Page MenuHomePhabricator

Update Pageview UDF with dialect-specific directories {hawk}
Closed, DeclinedPublic

Description

Missing dialect-specific directories in the pageviews definition

One of the big improvements of the new definition over the old one is
that the old one is not limited to /wiki/. It includes all of the
chinese and serbian dialects that have their own folder names and were
not appearing, as a result, in the old pageview counts.

James F (thanks James!) recently pointed out to me that there are
other wikis that do this - see the list at
https://meta.wikimedia.org/wiki/Wikipedias_in_multiple_writing_systems#With_Automatic_Conversion_System
. These need to be factored into the new pageviews definition to avoid
culturally and nationally biased undercounting.

Event Timeline

Ironholds raised the priority of this task from to Needs Triage.
Ironholds updated the task description. (Show Details)
Ironholds subscribed.

A more useful thing to do than update the documentation, might be
actually updating the definition.

kevinator renamed this task from Missing dialect-specific directories in the pageviews definition to Update Pageview UDF with dialect-specific directories.Mar 12 2015, 10:41 PM
kevinator updated the task description. (Show Details)
kevinator updated the task description. (Show Details)

Not "per definition"; the changes are not in the definition.
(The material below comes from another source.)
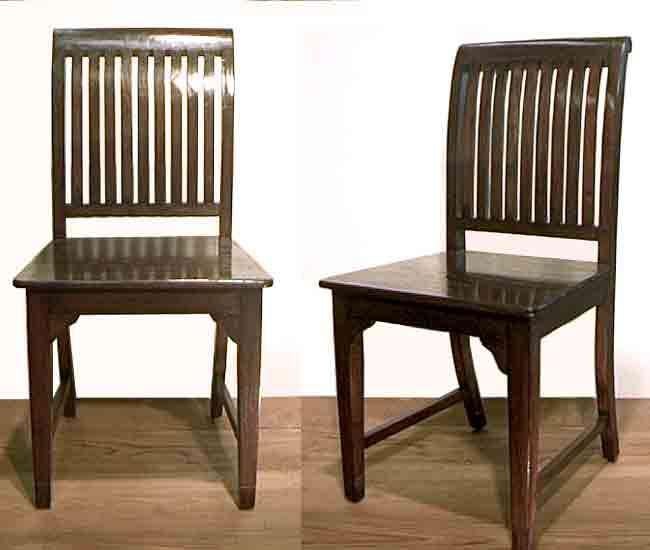 Aanbieding landelijke houten stoelen 50% korting teak hout, Ophalen of Verzenden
The
phabricator ticket gets registered as a def update, thence patched and
logged.

kevinator renamed this task from Update Pageview UDF with dialect-specific directories to Update Pageview UDF with dialect-specific directories {hawk}.Mar 31 2015, 4:28 AM
kevinator triaged this task as High priority.

Discussed with Oliver: on each wiki listed in the https://meta.wikimedia.org/wiki/Wikipedias_in_multiple_writing_systems#With_Automatic_Conversion_System page except for the Anglo-Saxon one, there is a drop-down on the third tab at the top of the page, allowing for changing language.
Using that feature, here is what I get as patterns of URLs :

  • Chinese Wikipedia: /(wiki)|(zh-(cn|hk|mo|sg|tw))/
  • Serbian Wikipedia: /(wiki)|(sr-(ec|el))/
  • Kazakh Wikipedia: /(wiki/)|(w/index.php)
  • Kurdish Wikipedia: /(wiki/)|(w/index.php)
  • Inuktitut Wikipedia: /(wiki/)|(w/index.php)
  • Anglo-saxon Wikipedia (only runic language): /wiki/

Given the current regular expression for matching url first folder, it seems we count at least enough pageviews, and might count even more pv than expected for china.

"^(/sr(-(ec|el))?|/w(iki)?|/zh(-(cn|hans|hant|hk|mo|my|sg|tw))?)/"

China

Why are we overcounting Chinese?

I'd say so:
we match zh(-(cn|hans|hant|hk|mo|my|sg|tw))? while, with the language drop-down we saw yesterday, I can only access zh(-(cn|hk|mo|sg|tw))?

Well, https://zh.wikipedia.org/zh-hans/ and https://zh.wikipedia.org/zh-hant/ - they exist, they're just presumably not common enough to be explicitly linked that prominently(?) we should poke a zh-wiki user.

Discussed in standup this morning with the team : we are gonna live it as it is now.
zh-(hans|hant) folder were not present in pageviews on the 2015-102[16-22] so it's not worthwhile changing the definition.
Documentation has been added to the pageview definition discussion page.